The Brussels master bombmaker – known as the ‘Man in White’ – is still on the run today after a series of special forces raids following the deadly attacks which killed 34 yesterday.
Belgium’s chief prosecutor this afternoon confirmed Najim Laachraoui is ‘still at large’ after Belgian media reported the ISIS explosives expert was taken alive by a SWAT team inside a pizzeria in the Anderlecht suburb of the city.
The latest twist came after Belgian brothers Ibrahim and Khalid El Bakraoui were named as two of the ISIS suicide bombers – eight days after they escaped police in a gunfight – and it is now clear there is a mystery fourth suicide bomber.
Laachraoui is suspected of rigging up the suicide vests that helped kill 34 in twin attacks yesterday – and is believed to have done the same for the Paris terrorists who murdered 130 in November.
He went on the run after leaving a suitcase packed with explosives and calmly walked from the terminal moments before the airport massacre at 8am Tuesday.
Just 79 minutes later Khalid El Bakraoui detonated his suicide vest on a Brussels Metro train at Maelbeek station killing 20 people.
The possible fourth bomber pictured on CCTV is believed to have blown himself up alongside Ibrahim El Bakraoui, who police say was identified by his fingerprints.
El Bakraoui’s will was also found in a bin at the terror cell’s safehouse, which also held bombmaking chemicals, an AK-47 and an ISIS flag.
Laachraoui was already one of the world’s most wanted men, having built the suicide vests used in the Paris attacks and went on the run with Salah Abdeslam, one of the other Paris massacre masterminds, before hiding in Brussels for four months.
Today it emerged there could have been another suitcase bomb set off in the airport but the ISIS fanatics couldn’t fit all their explosive-packed bags into a taxi outside their safehouse.
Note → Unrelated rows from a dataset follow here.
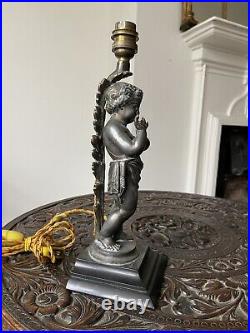 A French early 20th century, silver bronze putti lamp, marble base, 30cm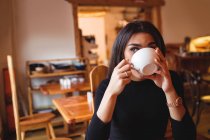 Donna che beve caffè in caffetteria — Foto stock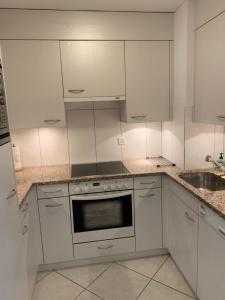eine weiße Küche mit weißen Schränken und einem Waschbecken in der Unterkunft Apartment Flims Waldhaus - Surselvapark A4 in Flims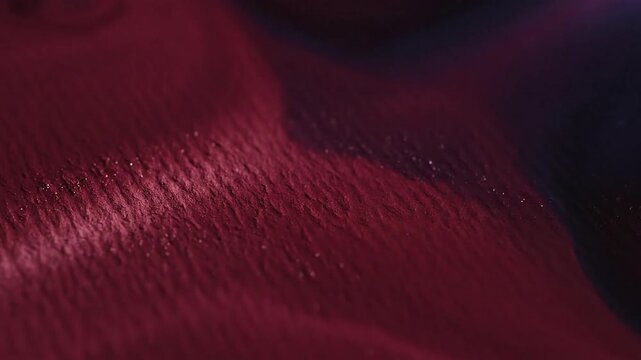 Abstract close up of deep red fluid forming dripping shape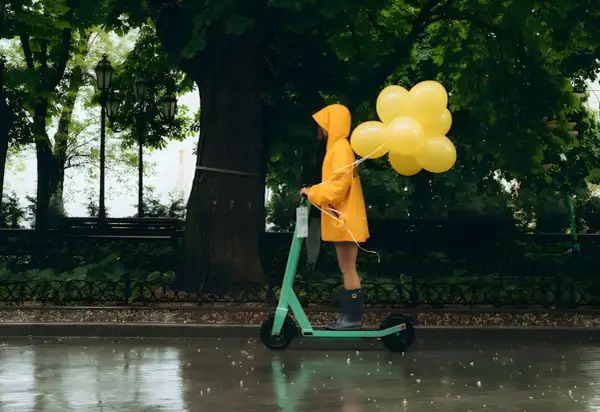 Une personne en manteau jaune conduit une trottinette ipx5 sous la pluie, tenant des ballons jaunes.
They refused to let the driver touch the bags – prompting him to later contact the police about their suspicious behaviour.
Yesterday’s twin terror attacks on the Belgian capital that left at least 34 people dead are believed to have been revenge for Abdeslam’s capture – experts believe the jihadists launched the Brussels attacks because the net was closing in on their terror cell.
All of the men were ‘well known’ to detectives and had been on the run since Tuesday March 15 following a shoot-out in a terrorist hideout in the Belgian capital’s Forest suburb. They opened fire on police and fled.
Yet they still managed to find another address to stay, where they stored the explosives and guns used in Tuesday’s attacks.
Police have confirmed that those who carried it out have were part of a larger cell who carried out the Paris attacks four months ago.
Today it emerged that the El Bakraoui brothers fled a Brussels police raid last week where snipers shot and killed Paris bombing suspect Mohamed Belkaid, it emerged today.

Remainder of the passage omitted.